Other than 18 months in a fiction workshop 27 years ago, some sub-contracting work on children's books, then trying with faintly observable success to create series proposals for tv animation, my writing has been non-fiction for more than 40 years.
So of course I followed the guidance, source: either self or other, that suggested I begin writing a novel. Genre, target audience, still being determined. I find what steers me with the firmest hand is reading writing I admire. Right now, that is Michael Chabon's Wonder Boys. The movie never grows old - the cast, the characters, its smartness - but the book has become a new best friend, the one who tells you what you've done is good and that you can do so much better. Valentine's Day seems the occasion to say I love Wonder Boys and I love Michael Chabon and I love that, rather than discouraging me, it is the pointy stick that makes me want with monomaniacal fervor to be a better writer.
My son, who frequently reads articles and reviews to me from his iPad, has had to listen to me - and watch my near-swoon - as I thumb my way back to the description of the younger Grady Tripp, narrator, painting with a fine-bristled brush his bold, writerly self, (I paraphrase) as the Spaniard with the knife in his boot and the hibiscus in the band of his Panama hat. Detail, oh the magic of detail.
Earlier in the book Chabon's narrator tells us, "...It was in this man's class that I first began to wonder if people who
wrote fiction were not suffering from some kind of disorder..." They, or I mean we, may be.

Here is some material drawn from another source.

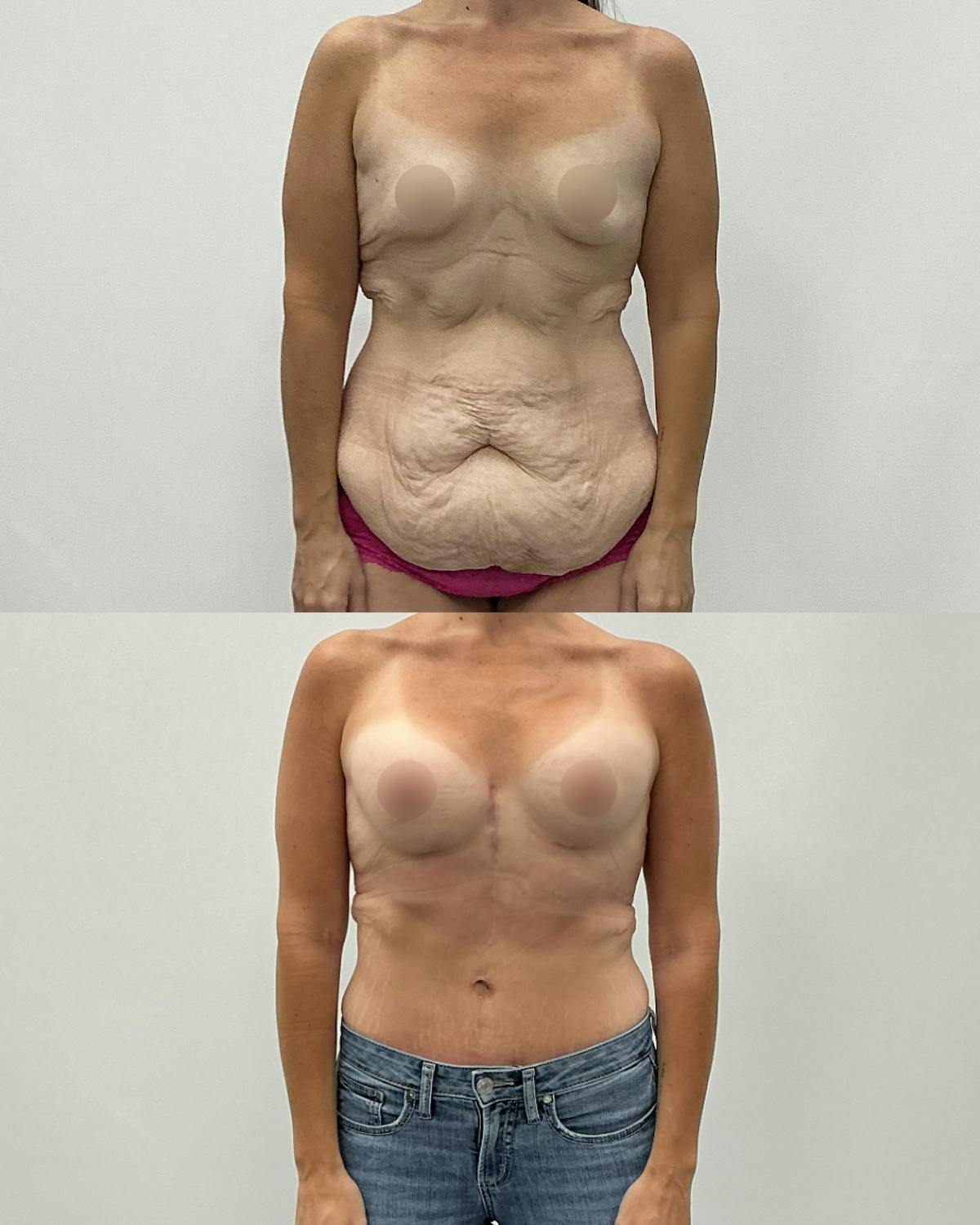 Mommy Makeover Before & After Gallery - Patient 170119 - Image 1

So now as I fall asleep, I leaf through years of moments, objects, circumstances and conversations to see if I retain enough of the specifics to use them, even if only as exercises. Going back into the monogrammed, brass-cornered trunk under the immaculate garage workbench of one's life to see what is there with new eyes or fresh awareness is assignment enough. I'll start with that. Today I don't need to know if any of my recollections will find a home in a story. First, they need to be brought to life.